Jacques Polge (born 14 June 1943) is a French perfumer, best known for his role as Head Perfumer at Les Parfums Chanel from 1978 to 2015.

== Early life ==
Jacques Polge grew up near Avignon, France where he says he was inspired as a child by the scent of air in the surroundings of Grasse, which was redolent with the scent of jasmine. After his studies at Aix-Marseille University, where he pursued a degree in English and literature, Jacques Polge began a traditional apprenticeship in Grasse under the guidance of Jean Carles.
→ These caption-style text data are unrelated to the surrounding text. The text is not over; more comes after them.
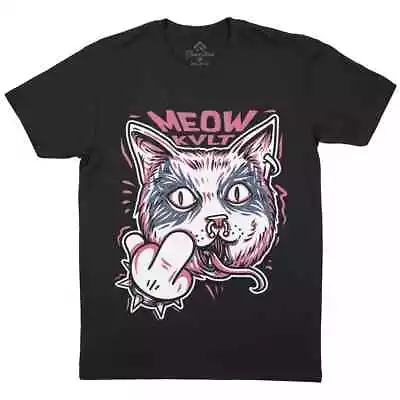 Buy Cat Cult Mens T-Shirt Animals Meow Pet Kitty Lover Middle Finger Rude P411 • 11.99£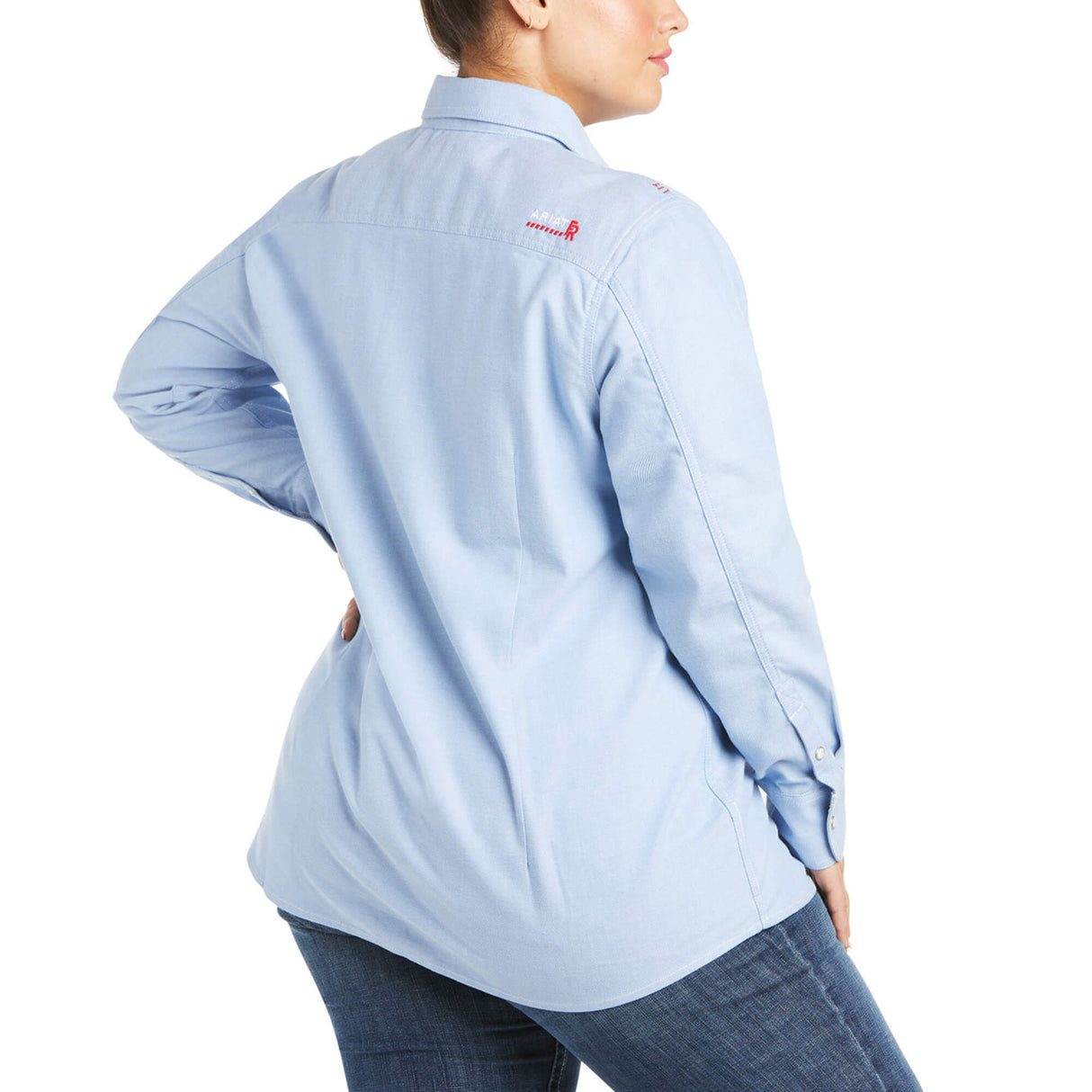 ARIAT Women's FR Solid Dura-Stretch Snap Work Shirt - Blue Twill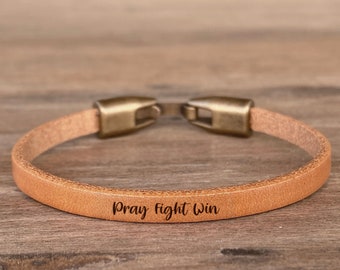 Pray Fight Win Cancer Support Gift Personalized Breast Cancer Gift Encouragement Gift for Friend You are Not Alone Genuine Leather Bracelet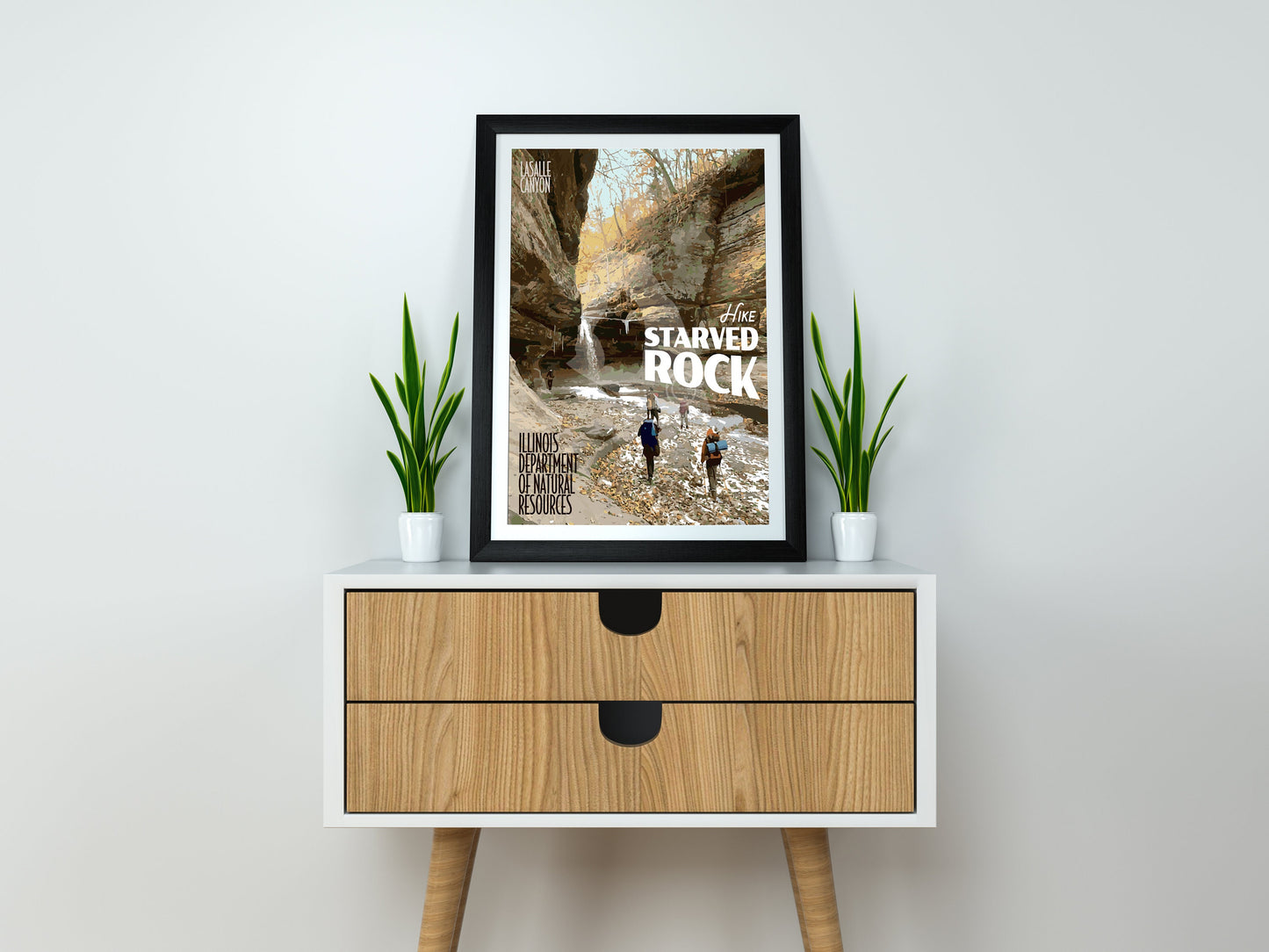 Starved Rock Illinois State Park Print, Starved Rock LaSalle Canyon Poster, Vintage Style Travel Art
Jacques Polge is the father of perfumer Olivier Polge, who joined him at Chanel in 2013.

== Works ==

- 1970 - Rive Gauche, Yves Saint Laurent
- 1983 - Diva, Emanuel Ungaro
- 1987 - Senso, Emanuel Ungaro
- 1990 - Ungaro, Emanuel Ungaro
- 1989 - Tiffany for Men, Tiffany

Polge's perfumes at Chanel include:
- 1982 - Antaeus
- 1984 - Coco
inspired by the Parisian home of Coco Chanel
- 1990 - Égoïste
originally launched as a limited edition scent named "Bois Noir"' in 1987, the fragrance was eventually relaunched to the general market under the name Égoïste. Jacques Polge has said Égoïste is his favourite creation.
including Égoïste Platinum (1993)
- 1996 - Allure
- 1999 - Allure Homme
including flankers
Allure Homme Sport (2004),
Allure Homme Sport Cologne (2007),
Allure Homme Edition Blanche (2008),
Allure Homme Sport Eau Extreme (2012).
- 2001 - Coco Mademoiselle
winner of FiFi Award for Best National Advertising Campaign / TV in 2008
- 2002 - Chance
- 2010 - Bleu de Chanel Eau de Toilette including Bleu de Chanel Eau de Parfum (2014)
- Les Exclusifs de Chanel fragrances notably Coromandel and Sycomore created with Christopher Sheldrake.